LEICESTER SQUARE THEATRE-London August 4th 2014
This year Brian Epstein would be 80 years old, and this play is one of the many tributes to him.
Following a very successful run in Liverpool, Epstein-The Man Who Made The Beatles has now moved to London.
Starring Andrew Lancel, as Brian Epstein, who has appeared in numerous TV shows, such as “Heartbeat”, “Casualty”, “Liverpool One”, “The Bill”, and “Coronation Street” to name a few, as well as theatre, film and radio work, and Will Finlayson, as This Boy, a fictitious character who wants to know the real Brian Epstein.
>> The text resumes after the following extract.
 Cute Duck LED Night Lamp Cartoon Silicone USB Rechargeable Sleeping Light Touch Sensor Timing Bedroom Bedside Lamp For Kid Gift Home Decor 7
We are told by This Boy from the outset what to expect. This is a play that is about Brian, not The Beatles, not Cilla or any other of his artists, just to try and find the real Brian Epstein.
Many things have been written and said about Brian- particularly his so called poor business deals and of course the theories about his death, but this play shows the real Brian, brilliantly played by Lancel and you begin to realise what a talented man he was who believed in his boys “The Beatles”.
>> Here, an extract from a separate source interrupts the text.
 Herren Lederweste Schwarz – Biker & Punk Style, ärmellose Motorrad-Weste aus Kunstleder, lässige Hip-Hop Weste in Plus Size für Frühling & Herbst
It is hard to think now that in the early 1960’s no one outside London really made records. Brian pushed for The Beatles to get a recording contract, and then to get them into America, but first they must have a number one hit, and then he insisted on top billing on the “Ed Sullivan Show”. Added to this that The Beatles wrote their own music, unheard of in those days, Brian really believed they had a future.
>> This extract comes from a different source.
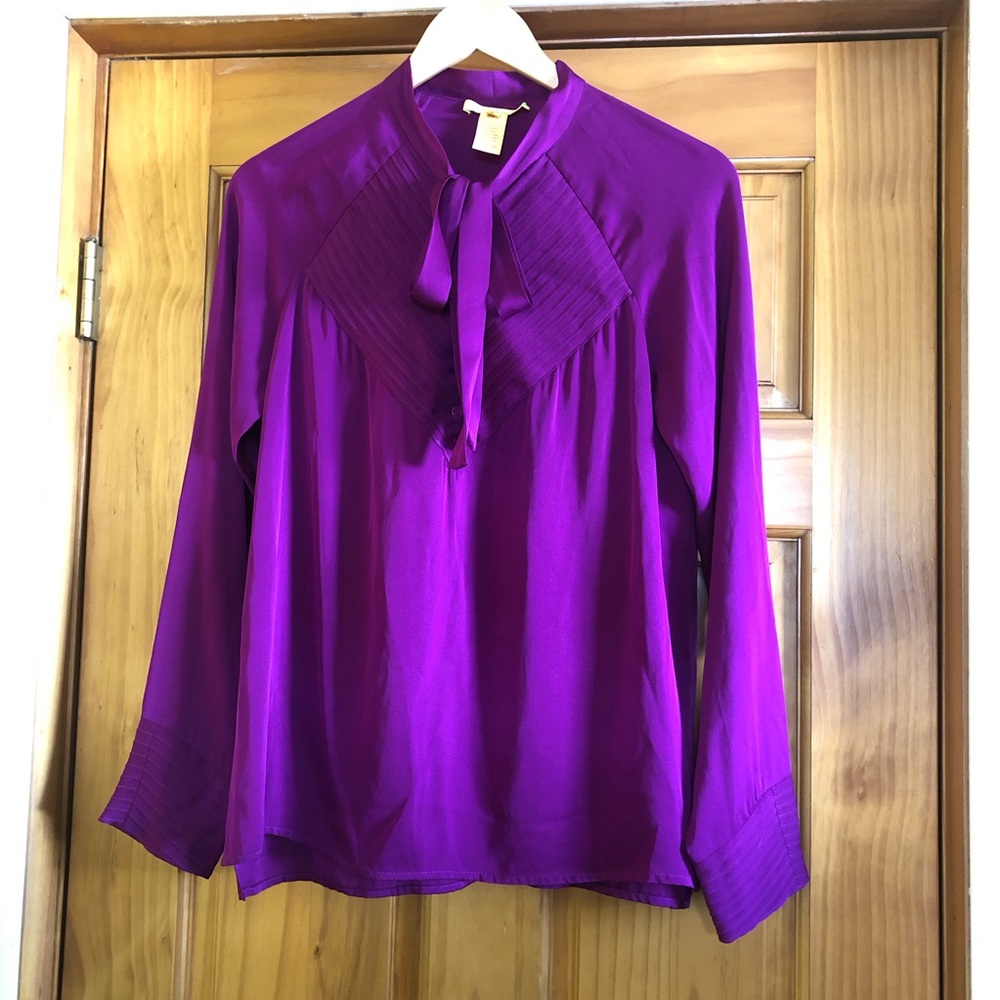 CATHERINE MALANDRINO Women's Silk Blouse Size 4 / Stylish Shirt / Fuchsia Pink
The play reflects this, and how Brian felt about his boys. There is a scene where This Boy is given a box containing all the rejection letters Brian received when trying to get The Beatles a recording deal.
“You have a successful record shop Mr Epstein- stick to that”, was one of the most hurtful ones. Any Beatle facts that Brian talks about here are quickly finished by the wonderful This Boy, who knows The Beatles story inside out. He is here to find the real Brian. The drugs, the drink, Lennon’s remarks about him being Jewish, and of course his sexuality. It’s all here in this wonderful play.
The play doesn’t give you an answer to all the myths, which it shouldn’t. It is a play about Brian, his poor business deals, which at the time seemed good. Who was to know how big The Beatles would become, making these good deals at the time later rob The Beatles of millions of pounds. But hey- this was 1962-63 no one had done deals like this for recording contracts- song writing rights, but Brian did what he thought was right. Brian was a ground breaker for all the acts that would follow and create the British Invasion.
The play makes you realise how much we have Brian to be thankful for. The British pop artists breaking America, of course, is the main one, without Brian, who knows what the history of pop music would be like today.
There are flashback scenes where Brian reflects on his childhood and sexuality. The scenes are brilliantly played and make you realise how much pressure Brian must have been under. The requests for interviews, concerts, television, radio, it makes you wonder how he did it all, not just for The Beatles, but his other acts too.
As well as Lancel, the part of This Boy, played by Will Finlayson is superb. Deep down he is looking for a story, but it is clear he wants to know Brian and at times help him get through those bad times, which is reciprocated by Epstein.
This is a wonderful play and to end with a standing ovation at a press night says it all.
Epstein runs at the Leicester Square Theatre, London until September 6th 2014.